Stream Processing and Analytics.
##How to run locally From command line execute the following commands:
cd $STREAMLINE-HOME
mvn clean install
cd webservice
mvn package
java -cp target/webservice-0.1.0-SNAPSHOT.jar com.hortonworks.streamline.webservice.StreamlineApplication server conf/streamline-dev.yaml
This should start the webserver on localhost port 8080. If you are running storm on the same host you may get
java.net.BindException: Address already in use
in which case you should modify server
section of streamline.yaml.
##Intellij
Run -> Edit Configuration -> Application -> StreamlineApplication
in the Program argument section
add server $STREAMLINE-HOME/webservice/conf/streamline.yaml
Same config can be used to start debugging.

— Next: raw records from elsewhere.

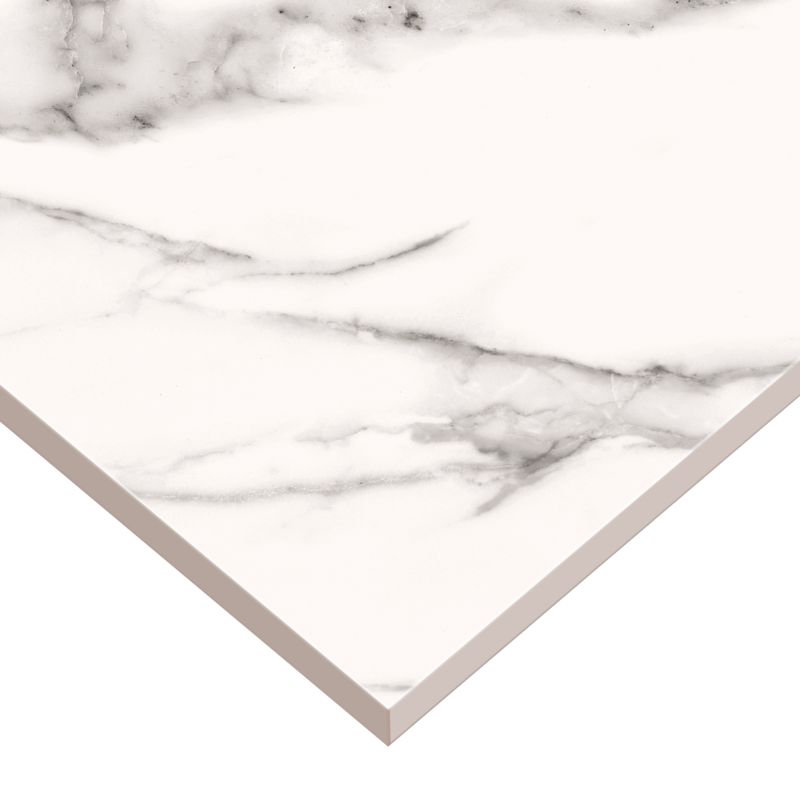 Montano glaseret flise 29,8 x 60 cm hvid 1,25 m²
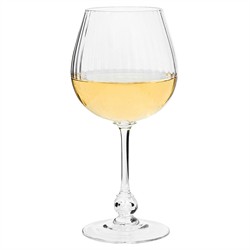 Juliska Nell Modern Classic Clear Wine Glass|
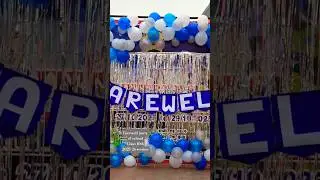 farewell party for students 🎊❤️.. #music #farewell #memories #friendsforever #yaari #sweet #goodbye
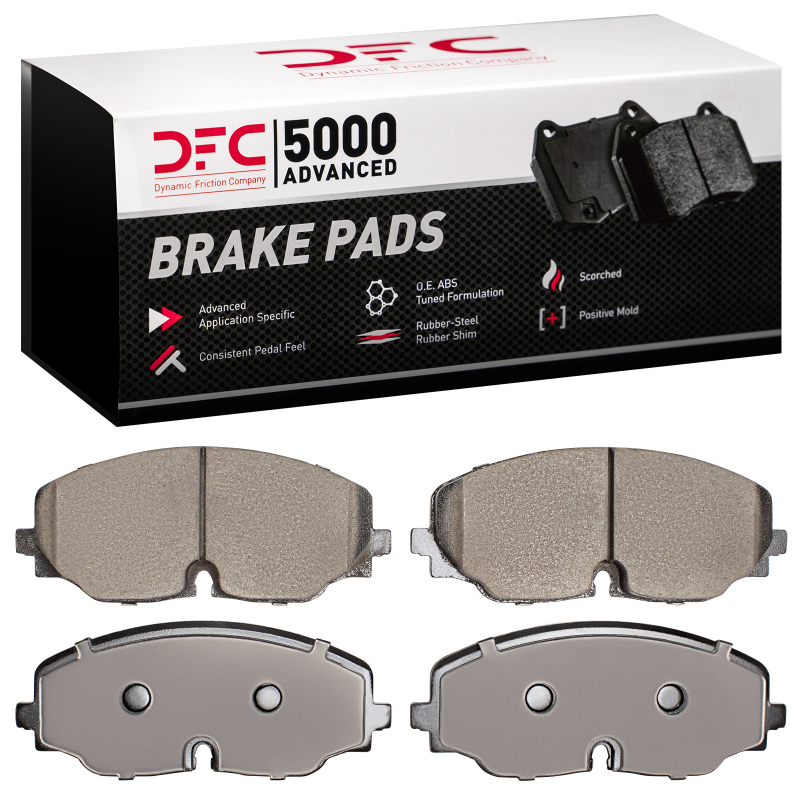 Picture of DFC 5000 Advanced Ceramic Brake Pads - 1551-2074-00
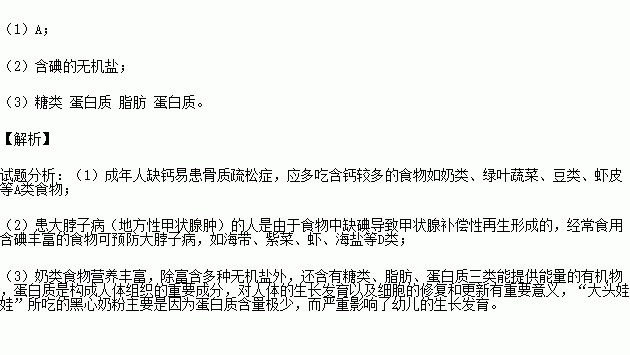 含钙的无机盐食物来源是什么_含钙的无机盐食物来源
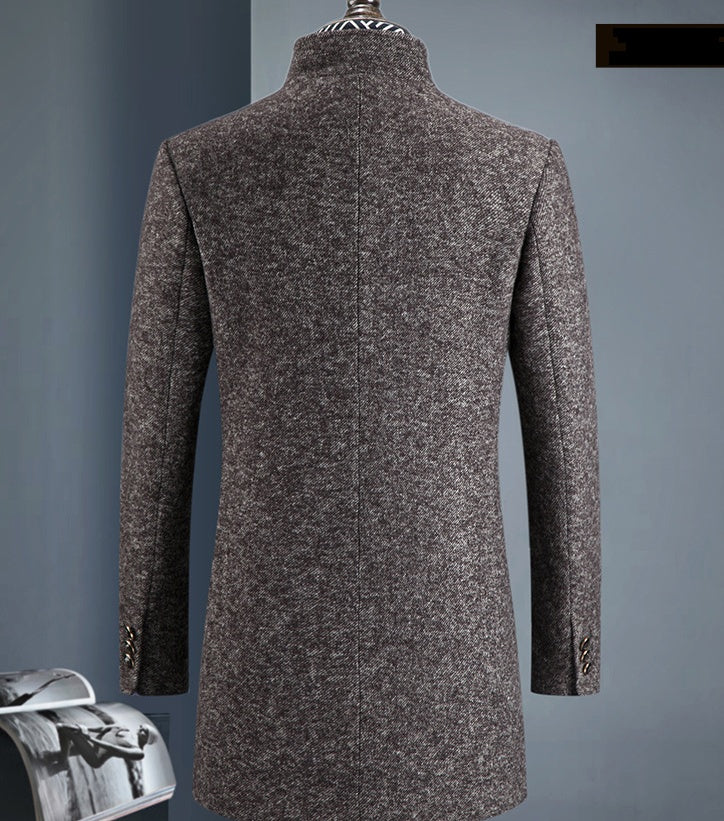Winter wool thickened windbreaker man Limorista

##Bootstrapping webserver with test data
cd $STREAMLINE-HOME\bootstrap
./bootstrap.sh
Please see bootstrap.sh
which is just bunch of curl commands in case you want to add some other objects to webservice's in memory store.
#Running storm topology
First you need to populate your kafka topic, if you have not done so create your kafka topic by executing
kafka-topics.sh --create --topic nest-topic --zookeeper localhost:2181 --replication-factor 1 --partitions 3
Then run the device simulator CLI to post some sample StreamlineMessage
containing nest data to your kafka topic.
cd $STREAMLINE-HOME
java -cp simulator/target/simulator-0.1.0-SNAPSHOT.jar com.hortonworks.streamline.simulator.CLI -b localhost:9092 -t nest-topic -f simulator/src/main/resources/nest-streamline-messages
Sometimes the command fails with following exceptions:
Exception in thread "main" kafka.common.FailedToSendMessageException: Failed to send messages after 3 tries. at kafka.producer.async.DefaultEventHandler.handle(DefaultEventHandler.scala:90) at kafka.producer.Producer.send(Producer.scala:76) at kafka.javaapi.producer.Producer.send(Producer.scala:33) at com.hortonworks.streamline.simulator.CLI.writeToKafka(CLI.java:182) at com.hortonworks.streamline.simulator.CLI.processDataFile(CLI.java:109) at com.hortonworks.streamline.simulator.CLI.main(CLI.java:74)
You should verify from kafka's server.properties that the listerner port and host matches. if advertised host is actual hostname like 'HW10960.local' localhost may not work.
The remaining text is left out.